According to The Province, Pinkowski’s Tesla was stolen from an underground parking last Thursday night near Granville Street in downtown Vancouver. When she returned to the missing vehicle, she thought it had been towed but turned out stolen, after her husband managed to use the Tesla smartphone app to track down the location of the car.
Katy Pinkowski inside her Tesla; image via Kim Stallknecht, PNG
Tracking information revealed the thief was driving in Richmond, a suburb south of Vancouver at 70 kilometres per hour. Unfortunately for the driver, Pinkowski was already on the phone with 911 dispatchers tracking the car in real-time, with Richmond RCMP setting up shop to stop the vehicle in its tracks, which happened near No. 5 Road and River Road.
How did the vehicle get stolen? Turns out an extra Tesla key fob was mistakenly left in the car by the owners, so when the would-be thief approached the vehicle and touched the door handles, they popped up and the doors unlocked–an automatic keyless entry feature of the car (the 85 model starts at nearly $100,000 CAD):
The thief, it turns out, had gained access to the car using an extra electronic key fob the couple had bought earlier in the week and mistakenly left inside the vehicle.

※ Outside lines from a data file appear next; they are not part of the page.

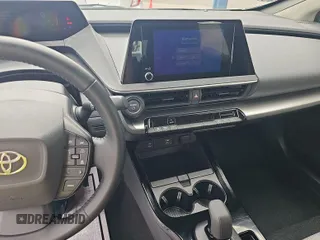2023 Toyota Prius LE z VIN JTDACAAU7P3001352, wystawiony jako IAAI lot #42470863 z przebiegiem 15 967 mil mil oraz . Historia ofert i sprzedaży dostępna na DreamBid. Obrazek 1.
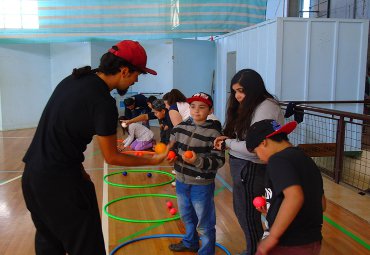 Escuela de Educación Física colabora en proyecto para niños del campamento Felipe Camiroaga de Forestal - Foto 1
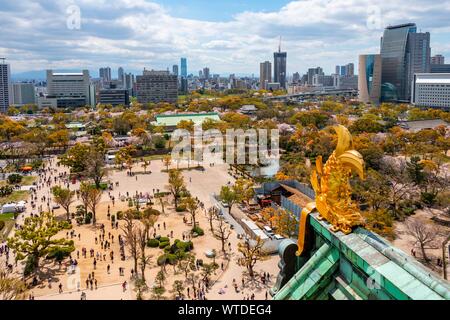 Vista dal castello di Osaka per il parco del Castello di Osaka e città, Chuo-ku, Osaka, Giappone Foto Stock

As he approached the futuristic car and touched its self-presenting door handles, it must have beckoned him inside, Katya Pinkowski said.

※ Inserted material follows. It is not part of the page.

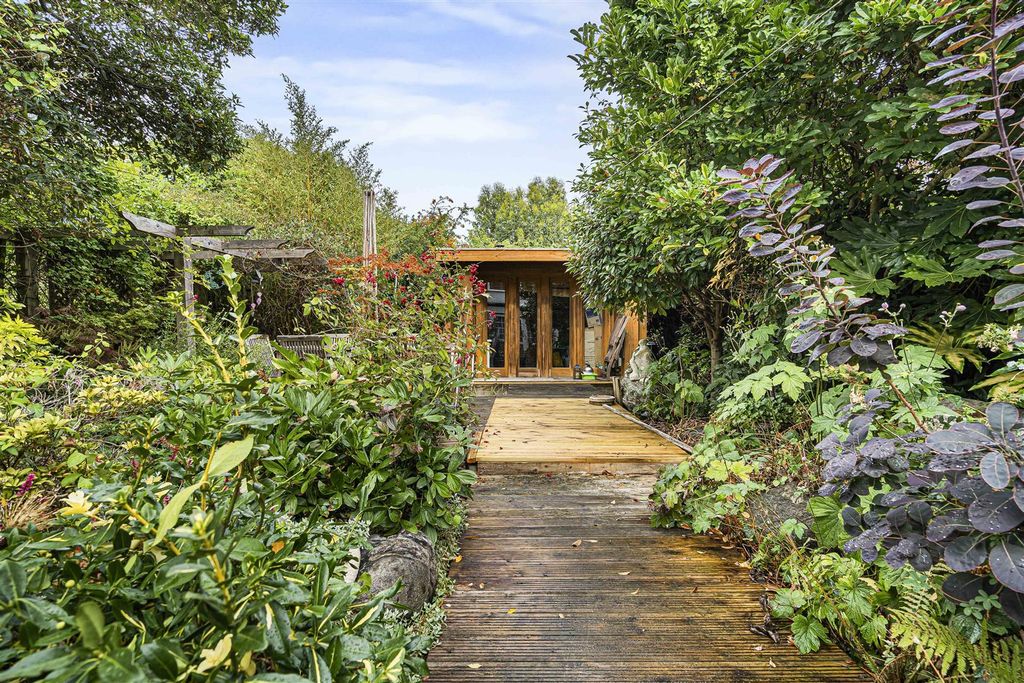 Property photo 2 of 19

“The car opens and is going, ‘Come on, sit down, let’s have a ride,’” she said with a chuckle. “He couldn’t say no.”
Pinkowski considered calling Tesla to kill the car’s engine remotely or even using the smartphone app to open the sunroof, but instead let the RCMP detain the vehicle, which ended up with some rim scrapes and leftovers from the thief’s dinner.
Richmond RCMP spokesman Cpl. Dennis Hwang told The Province “This is the first such Tesla recovery our detachment has encountered,” while adding “What was unique in this incident was the ability for the Tesla owner to provide the E-Comm police dispatcher with accurate real-time tracking data,” and “High tech definitely played a helping role.”
Howard Geddes Skelding, 24, was arrested and charged with possession of stolen property over $5,000.
The case appears to be the first time a Tesla has been reported stolen in Canada, notes The Province. In the U.S. last year, National Insurance Crime Bureau data noted only four Teslas were reported stolen in the country.